6) On the other hand,
a practical and reliable number 4 might seem like a good match at first, but over time, they may feel boring to you. The same goes for the serious and quiet number 7. A 1 and 2 pairing can work, but only if both understand and respect their different roles in the relationship.

7) Number 3:
If your number is 3, you’ve probably had great relationships with people who have numbers 5 and 7. The fun and adventurous number 5 matches your love for excitement and unpredictability, while the thoughtful and mysterious number 7 brings depth and meaning to your life.

8) On the other hand,
it’s best to avoid someone with the number 4, even though they are reliable and practical. When a 3 and 4 are together, they tend to bring out the worst in each other, even though their qualities could be good for the relationship.

9) Number 4:
If your number is 4, you value long-term, stable relationships more than any other number. It’s not that you dislike being alone, but you prefer a steady, routine lifestyle that comes with lasting relationships.
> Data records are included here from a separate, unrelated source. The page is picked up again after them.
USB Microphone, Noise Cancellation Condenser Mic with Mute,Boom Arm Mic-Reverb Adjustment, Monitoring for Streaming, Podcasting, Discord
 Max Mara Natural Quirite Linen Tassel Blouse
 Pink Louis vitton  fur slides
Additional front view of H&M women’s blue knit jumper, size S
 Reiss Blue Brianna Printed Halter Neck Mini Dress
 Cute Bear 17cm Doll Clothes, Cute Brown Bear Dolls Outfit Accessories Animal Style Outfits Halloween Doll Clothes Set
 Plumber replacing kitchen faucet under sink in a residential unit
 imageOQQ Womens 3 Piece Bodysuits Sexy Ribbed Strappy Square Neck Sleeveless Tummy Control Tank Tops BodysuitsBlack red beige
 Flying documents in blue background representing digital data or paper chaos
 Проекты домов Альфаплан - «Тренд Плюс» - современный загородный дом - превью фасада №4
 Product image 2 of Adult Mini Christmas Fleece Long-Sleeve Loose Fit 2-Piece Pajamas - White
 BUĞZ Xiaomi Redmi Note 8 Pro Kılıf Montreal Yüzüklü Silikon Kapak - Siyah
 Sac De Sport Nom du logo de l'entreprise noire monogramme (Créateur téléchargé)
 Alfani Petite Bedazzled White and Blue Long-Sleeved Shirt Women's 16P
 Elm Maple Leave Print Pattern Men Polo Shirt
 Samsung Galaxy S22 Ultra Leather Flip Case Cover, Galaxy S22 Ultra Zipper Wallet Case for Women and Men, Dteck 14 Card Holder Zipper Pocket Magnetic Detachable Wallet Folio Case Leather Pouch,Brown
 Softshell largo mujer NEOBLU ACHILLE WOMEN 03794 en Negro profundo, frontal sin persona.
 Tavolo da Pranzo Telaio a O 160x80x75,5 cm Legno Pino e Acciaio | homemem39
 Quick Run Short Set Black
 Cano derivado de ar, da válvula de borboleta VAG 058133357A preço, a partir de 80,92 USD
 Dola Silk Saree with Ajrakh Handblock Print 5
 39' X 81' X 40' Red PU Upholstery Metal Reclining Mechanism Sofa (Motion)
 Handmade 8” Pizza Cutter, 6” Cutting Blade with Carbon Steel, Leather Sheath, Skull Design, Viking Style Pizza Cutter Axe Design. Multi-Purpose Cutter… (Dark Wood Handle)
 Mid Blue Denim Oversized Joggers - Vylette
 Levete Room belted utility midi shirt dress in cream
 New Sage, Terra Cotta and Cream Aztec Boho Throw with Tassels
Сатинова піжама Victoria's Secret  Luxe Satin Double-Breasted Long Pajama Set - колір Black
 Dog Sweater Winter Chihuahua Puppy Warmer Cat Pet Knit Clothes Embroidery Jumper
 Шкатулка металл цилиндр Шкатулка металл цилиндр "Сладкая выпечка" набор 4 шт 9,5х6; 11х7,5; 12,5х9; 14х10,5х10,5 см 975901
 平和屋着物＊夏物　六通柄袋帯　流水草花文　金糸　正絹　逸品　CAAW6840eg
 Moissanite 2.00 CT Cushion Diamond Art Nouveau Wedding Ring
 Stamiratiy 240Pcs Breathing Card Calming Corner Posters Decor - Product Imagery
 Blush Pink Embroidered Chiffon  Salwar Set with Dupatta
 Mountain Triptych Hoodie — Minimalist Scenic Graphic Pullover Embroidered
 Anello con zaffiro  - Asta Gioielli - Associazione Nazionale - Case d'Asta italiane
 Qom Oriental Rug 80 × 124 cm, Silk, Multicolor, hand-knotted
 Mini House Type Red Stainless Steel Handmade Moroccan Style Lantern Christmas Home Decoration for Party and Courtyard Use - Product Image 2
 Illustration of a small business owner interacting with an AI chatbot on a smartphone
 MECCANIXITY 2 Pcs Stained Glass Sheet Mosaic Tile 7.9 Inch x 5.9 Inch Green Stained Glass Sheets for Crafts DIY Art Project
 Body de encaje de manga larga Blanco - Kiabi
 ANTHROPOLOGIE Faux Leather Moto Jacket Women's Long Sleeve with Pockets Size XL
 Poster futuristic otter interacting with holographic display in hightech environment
Because of this, you get along well with people who have numbers 2, 4, and 8.

10) On the other hand,
number 4s usually don’t get along well with numbers 3, 6, and 8 because those numbers are more outgoing and flashy.

11) Number 5:
If your number is 5, you have many great options for romantic partners. The bold and adventurous number 1 is a good match, as well as the fun and creative number 3. You might also connect well with the caring and supportive number 6 and the sincere number 7.

12) On the other hand,
you might not get along with numbers 4 and 8 unless one of you is ready to change completely.

13) Number 6:
If your number is 6, you can have a happy, long-lasting relationship with just about any number. Your willingness to make sacrifices helps create a strong foundation in any relationship.

14) On the other hand,
even though you get along with most numbers, 3 and 5 could be tricky because they tend to focus on themselves.

15) Number 7:
If your number is 7, you are the least likely to get married and stay married compared to the other numbers. However, many 7s do end up getting married, but often later in life. You’ll likely get along well with numbers 3 and 5.

16) On the other hand,
you might not get along well with number 2 because you find them too shallow and sentimental. Number 1 feels too bossy for you, while number 8 seems too focused on money. You also think number 9 is too distant.

17) Number 8:
If your number is 8, you’re likely to choose a partner whom you can guide and have some control over. Because of this, number 2, who is nurturing, and number 6, who is caring and supportive, are usually good matches for you.

18) On the other hand,
the strong and independent number 1 might end up arguing with you every day. The free-spirited number 5 isn’t a good match either, and neither is the creative number 3, who can be unreliable and inconsistent.

19) Number 9:
If your number is 9, you might face the most challenges in relationships compared to the other numbers. You have a noble side and value your independence. Because of this, you’ll likely get along well with numbers 2 and 3.

20) On the other hand,
you might want to steer clear of the unpredictable number 5 and the unconventional number 7. Numbers 1 and 9 are very different from each other, which can make them attracted to one another, but they usually don’t stay together.